On Tuesday Dynegy reported continuing quarter-over-quarter and year-over-year losses, albeit smaller than the 2009 red ink — 4Q2010 showed a loss of $164 million ($1.36/share), compared with $355 million ($2.33) in losses for the same period the previous year; for all of 2010, Dynegy lost $234 million ($1.95), compared with $1.2 billion ($7.60) in losses for all of 2009.

Still operating 17 electric generation plants in six states, Dynegy said in the SEC filing that it is trying to rework its largest, $1.8 billion credit facility, which it expects to be a smaller amount for a higher cost of borrowing. Thus, the company faces the prospect of potentially having to take on more debt or sell more equity.

Noting in the SEC filing that there is no assurance it will be successful with any of its current options, Dynegy said it could file for Chapter 11 bankruptcy or be forced into an involuntary one.

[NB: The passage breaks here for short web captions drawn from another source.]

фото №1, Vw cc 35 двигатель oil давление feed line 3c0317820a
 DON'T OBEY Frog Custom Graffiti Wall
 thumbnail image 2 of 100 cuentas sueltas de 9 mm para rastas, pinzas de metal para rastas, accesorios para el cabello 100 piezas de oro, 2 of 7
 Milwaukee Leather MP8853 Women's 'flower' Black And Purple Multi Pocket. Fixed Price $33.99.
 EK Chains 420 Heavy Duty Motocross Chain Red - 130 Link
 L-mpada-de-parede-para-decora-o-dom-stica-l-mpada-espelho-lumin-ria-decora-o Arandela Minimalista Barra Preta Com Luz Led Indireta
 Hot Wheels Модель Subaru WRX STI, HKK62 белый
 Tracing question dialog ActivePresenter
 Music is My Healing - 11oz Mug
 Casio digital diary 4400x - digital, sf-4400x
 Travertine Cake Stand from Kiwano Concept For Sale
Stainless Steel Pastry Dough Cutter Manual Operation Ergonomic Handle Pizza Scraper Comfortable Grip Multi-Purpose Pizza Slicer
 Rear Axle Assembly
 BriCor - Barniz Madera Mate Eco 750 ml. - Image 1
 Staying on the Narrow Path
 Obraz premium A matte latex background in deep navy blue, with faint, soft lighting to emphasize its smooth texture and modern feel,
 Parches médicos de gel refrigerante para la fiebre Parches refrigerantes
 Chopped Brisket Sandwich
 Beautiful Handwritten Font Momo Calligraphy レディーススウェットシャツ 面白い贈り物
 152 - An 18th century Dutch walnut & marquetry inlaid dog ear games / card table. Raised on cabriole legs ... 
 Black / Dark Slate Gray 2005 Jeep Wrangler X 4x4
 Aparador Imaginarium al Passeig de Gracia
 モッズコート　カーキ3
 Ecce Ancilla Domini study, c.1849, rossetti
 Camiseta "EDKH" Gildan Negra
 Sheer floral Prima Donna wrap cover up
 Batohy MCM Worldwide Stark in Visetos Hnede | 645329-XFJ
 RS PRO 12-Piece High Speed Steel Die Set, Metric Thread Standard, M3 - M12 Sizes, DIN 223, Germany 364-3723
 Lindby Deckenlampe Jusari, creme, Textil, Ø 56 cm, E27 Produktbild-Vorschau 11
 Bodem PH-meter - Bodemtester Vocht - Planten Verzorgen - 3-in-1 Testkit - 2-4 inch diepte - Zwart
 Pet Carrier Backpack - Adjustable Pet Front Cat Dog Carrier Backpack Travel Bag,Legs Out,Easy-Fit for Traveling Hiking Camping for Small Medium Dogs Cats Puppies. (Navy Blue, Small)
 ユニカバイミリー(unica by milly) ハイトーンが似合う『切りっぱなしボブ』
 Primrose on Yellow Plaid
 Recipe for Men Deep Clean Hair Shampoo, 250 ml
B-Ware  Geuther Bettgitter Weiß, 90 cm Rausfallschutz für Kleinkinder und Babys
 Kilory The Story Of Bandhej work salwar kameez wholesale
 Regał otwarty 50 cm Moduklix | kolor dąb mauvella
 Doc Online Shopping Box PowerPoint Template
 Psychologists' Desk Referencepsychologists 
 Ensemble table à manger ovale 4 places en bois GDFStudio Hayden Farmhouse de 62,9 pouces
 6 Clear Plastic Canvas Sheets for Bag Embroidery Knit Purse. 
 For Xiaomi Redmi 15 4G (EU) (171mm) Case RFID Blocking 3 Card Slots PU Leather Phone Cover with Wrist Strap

“Continued low power prices over the past two years have had a significant adverse impact on our business,” Dynegy said in the SEC filing. “Further, as our credit rating has declined, counterparty requirements for posting collateral in support of our risk management positions have become more stringent. Over the next 12 months, we expect that we will continue to need to utilize our credit facility through the issuance of letters of credit and/or through the drawing of cash, or secure additional sources of capital to continue to meet our operating needs.”

The latest developments come after two buyout offers by its major shareholders — Icahn and Seneca Capital — were rejected by a majority of Dynegy shareholders despite being recommended by the board (see Daily GPI, Feb. 10). Three of the four new directors announced Wednesday were nominated by either Icahn or Seneca.

The quick action in approving the new directors “demonstrates the board’s commitment to an expeditious and orderly transfer of leadership at Dynegy,” said Board Chairman Patricia Hammick. “The board has recognized the desire of our stockholders to pursue a different path for the company…the new directors will take the lead in charting a course forward — both in selecting new board members and new executive leadership.”

In February a merger agreement with billionaire Icahn’s Icahn Enterprises LP failed to get enough shareholder support to complete the deal, so it automatically was terminated. Icahn’s offer originally had a late January deadline and then one earlier this month, both of which were extended, ostensibly to await federal regulatory approvals (see Daily GPI, Feb. 11).

Recommended by the Dynegy board, the Icahn tender offer was for $5.50/share, or $665 million in aggregate, for Dynegy. Icahn earlier had announced that approximately 5.4 million shares (4.41%) of Dynegy’s common stock had been tendered as of the end of the business day Feb. 9, the previous deadline for the tender offer. The offer had initially been scheduled to expire Jan. 25.

Earlier in 2010 one of the company’s solicited bids — from a private equity firm, The Blackstone Group — for $4.50/share initially and raised to $5/share subsequently was rejected by shareholders, too.